Get fresh updates from Hortonworks by email

Once a month, receive latest insights, trends, analytics, offering information and knowledge of the Big Data.

cta

Get Started

cloud

Ready to Get Started?

Download sandbox

How can we help you?

closeClose button

Apache Zeppelin Technical Preview

Introduction

Apache Zeppelin is an exciting project for many of our customers who want to use the notebook and visualization capabilities to make big data more approachable and easier to understand.

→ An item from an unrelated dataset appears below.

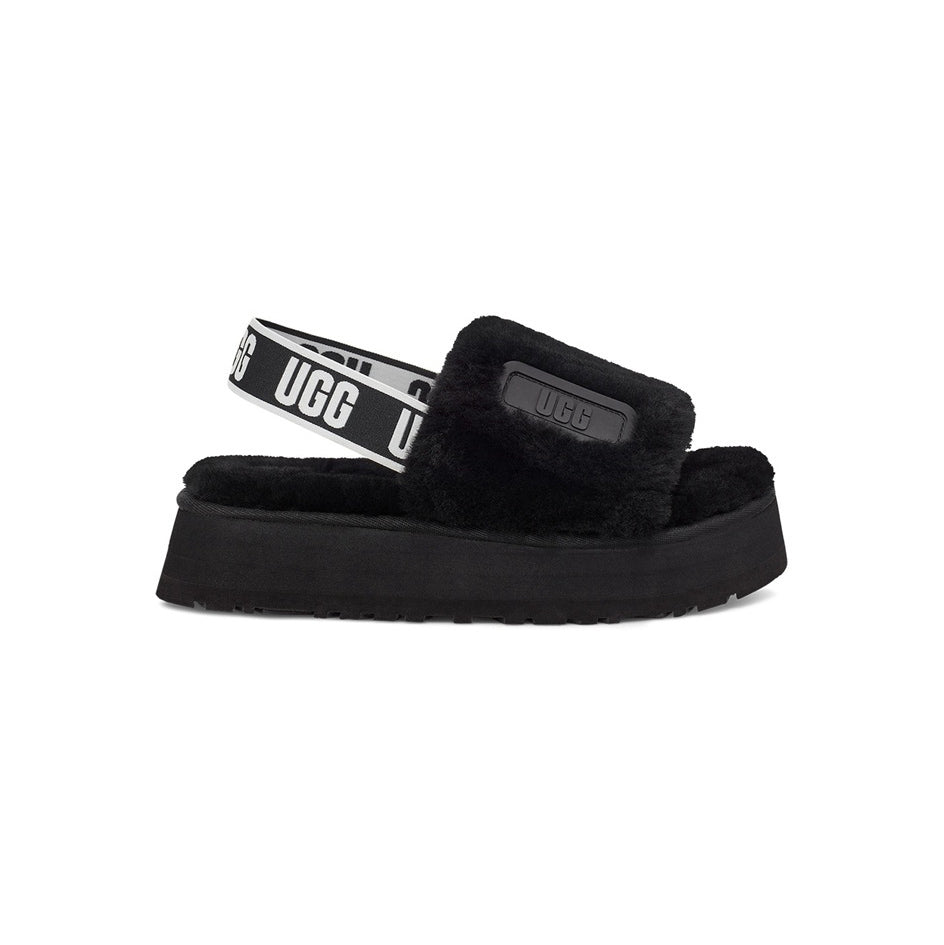 UGG Disco Slide Black claquettes fourrées femme en peau de mouton naturelle noir, vue de profil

Zeppelin addresses use cases like data exploration, data discovery, and interactive code snippets. It provides built-in visualization. Many users see Zeppelin as a potential modern data science studio.

image00
This tech preview of Apache Zeppelin provides:

  • Instructions for setting up Zeppelin on HDP 2.3.x with Spark 1.4.1
  • Configuration for running Zeppelin against Spark on YARN and Hive
  • Sample Notebooks to explore

HDP Cluster Requirement

This technical preview can be installed on any HDP 2.3.x cluster, whether it is a multi-node cluster or a single-node HDP Sandbox. The following instructions assume that Spark (version 1.4.1 ) is already installed on the HDP cluster.

If you have an HDP 2.3.0 cluster, it came with Spark 1.3.1, you can either upgrade the entire cluster with Ambari to 2.3.2 to get Spark 1.4.1 or only manually upgrade Spark to 1.4.1

Install the Zeppelin Tech Preview

The Zeppelin Technical Preview is provided as a tarball, compiled against Spark 1.4.1.

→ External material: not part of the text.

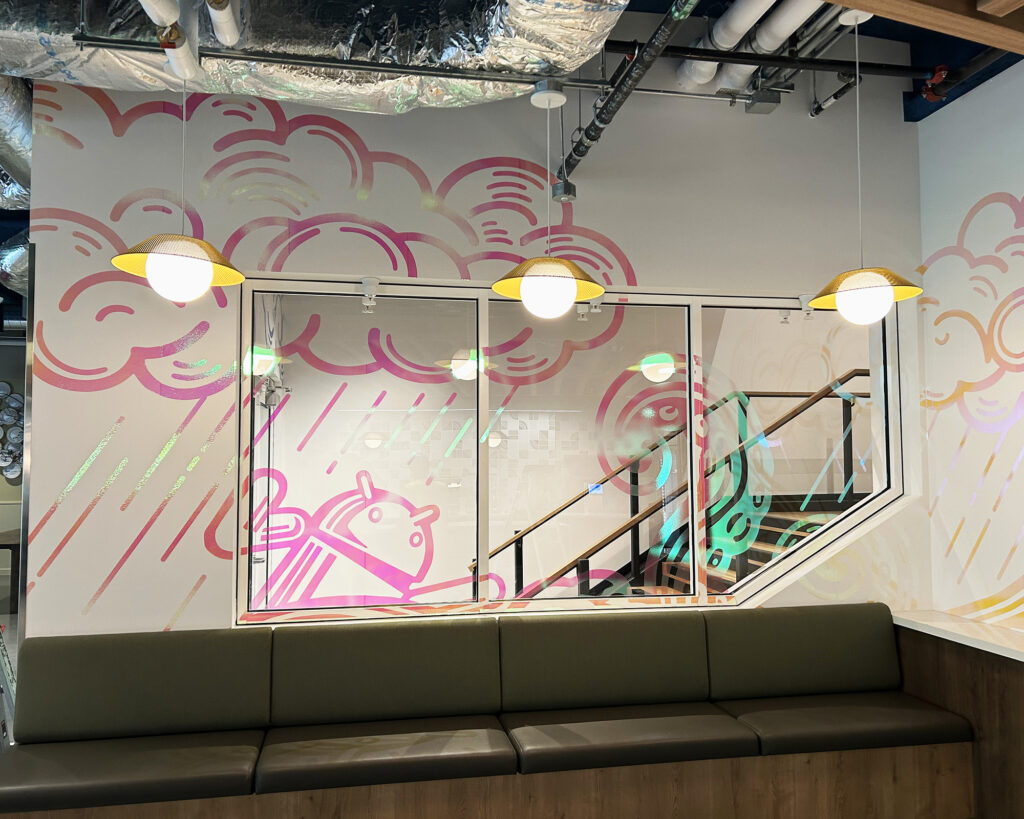 Photo of specialty print materials installed in construction page by SuperGraphics. Showcases reflective printed graphics on wall and window space.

The below steps run as user root.

  1. Download the version of the tarball that corresponds to the version of Spark deployed in your HDP cluster.
    Spark 1.4.1:

    wget http://public-repo-1.hortonworks.com/HDP-LABS/Projects/zeppelin/0.6.0-incubating-1.4.1.2.3.2.0-2950/zeppelin-0.6.0-incubating-SNAPSHOT.tar.gz
  2. Unpack the tarball  on a HDP node that has HDFS, Spark, and Hive Clients installed, and into a directory of your choice; for example, /home/cloud-user/ZeppelinTP
    tar xvfz zeppelin-0.6.0-incubating-SNAPSHOT.tar.gz
  3. Make a copy of zeppelin-env.sh:
    cd zeppelin-0.6.0-incubating-SNAPSHOT
    cp conf/zeppelin-env.sh.template conf/zeppelin-env.sh
  4. In the zeppelin-env.sh file, add the following.
    Note: you will use PORT to access the Zeppelin Web UI. <HDP-version> corresponds to the version of HDP where you are installing Zeppelin; for example, 2.3.2.0-2950.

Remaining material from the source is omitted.